Medically important examples of the regulated cleavage of precursors of signaling proteins are members of the EGF family, including EGF, HB-EGF, TGF-α, NRG1, and NRG2 (see Figure 16-17). Increased activity of one or more ADAMs, which is seen in many cancers, can promote cancer development in three ways. First, heightened ADAM activity can lead to high levels of extracellular EGF-family growth factors that stimulate the secreting cells (autocrine signaling) or adjacent cells (paracrine signaling) to proliferate inappropriately. Second, by destroying components of the extracellular matrix, increased ADAM activity is thought to facilitate metastasis, the movement of tumor cells to other sites in the body (see Chapter 24). Third, following metalloprotease cleavage of the extracellular domain, cleavage by γ-secretase releases the cytosolic fragment of these precursor proteins, in a manner similar to the release of the Notch intracellular domain. Several of these protein fragments migrate into the nucleus, where, like the Notch intracellular domain, they stimulate the transcription of growth-promoting genes.

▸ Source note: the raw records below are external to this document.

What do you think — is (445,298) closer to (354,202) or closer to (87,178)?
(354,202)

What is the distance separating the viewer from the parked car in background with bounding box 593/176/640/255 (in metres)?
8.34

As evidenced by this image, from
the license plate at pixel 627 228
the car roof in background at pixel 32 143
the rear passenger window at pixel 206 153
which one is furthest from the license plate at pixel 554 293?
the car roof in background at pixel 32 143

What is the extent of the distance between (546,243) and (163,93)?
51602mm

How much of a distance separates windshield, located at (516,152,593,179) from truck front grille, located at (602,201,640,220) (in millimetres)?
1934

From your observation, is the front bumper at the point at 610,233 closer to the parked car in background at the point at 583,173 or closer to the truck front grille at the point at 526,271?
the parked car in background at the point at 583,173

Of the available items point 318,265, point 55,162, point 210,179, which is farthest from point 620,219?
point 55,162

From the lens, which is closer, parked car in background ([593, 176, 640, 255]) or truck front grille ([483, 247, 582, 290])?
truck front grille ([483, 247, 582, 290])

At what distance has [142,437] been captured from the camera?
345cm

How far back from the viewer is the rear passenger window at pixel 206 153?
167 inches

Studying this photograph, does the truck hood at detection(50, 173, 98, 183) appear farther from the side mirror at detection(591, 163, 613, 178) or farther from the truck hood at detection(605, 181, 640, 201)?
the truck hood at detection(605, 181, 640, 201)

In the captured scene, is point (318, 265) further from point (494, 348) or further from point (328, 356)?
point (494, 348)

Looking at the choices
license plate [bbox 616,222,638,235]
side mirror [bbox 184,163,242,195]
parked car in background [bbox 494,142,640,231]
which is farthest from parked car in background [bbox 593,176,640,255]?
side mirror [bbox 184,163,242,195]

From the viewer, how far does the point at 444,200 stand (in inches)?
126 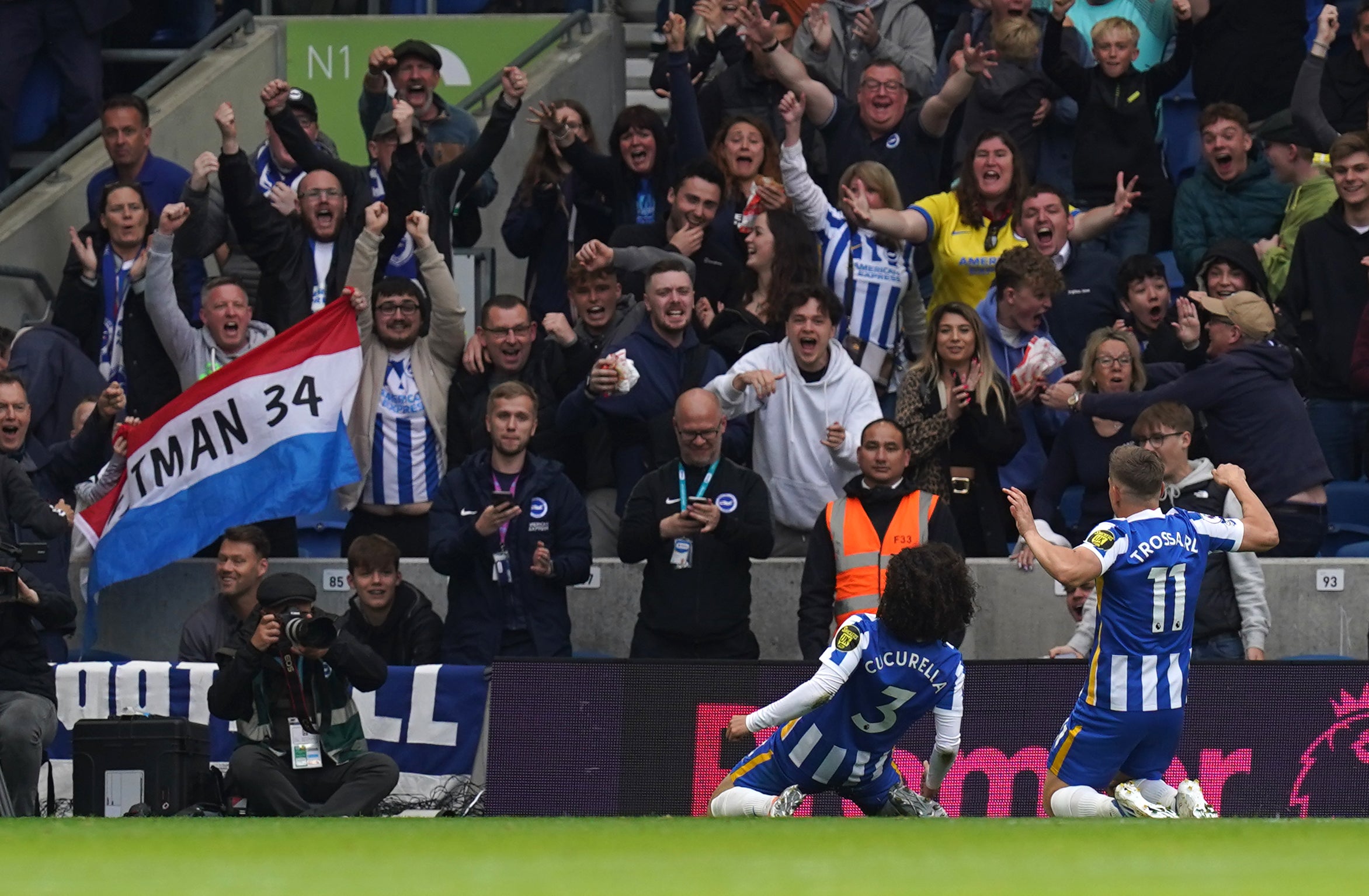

ADAM proteases also are an important factor in heart disease. As we learned in the last chapter, epinephrine (adrenaline) stimulation of β-adrenergic receptors in heart muscle causes glycogenolysis and an increase in the rate of muscle contraction. Prolonged treatment of heart muscle cells with epinephrine, however, leads to activation of an ADAM by an unknown mechanism. This matrix metalloprotease cleaves the transmembrane precursor of HB-EGF. The released HB-EGF then binds to EGF receptors on heart muscle cells and stimulates their inappropriate growth. This excessive proliferation can lead to an enlarged but weakened heart—a condition known as cardiac hypertrophy, which may cause early death.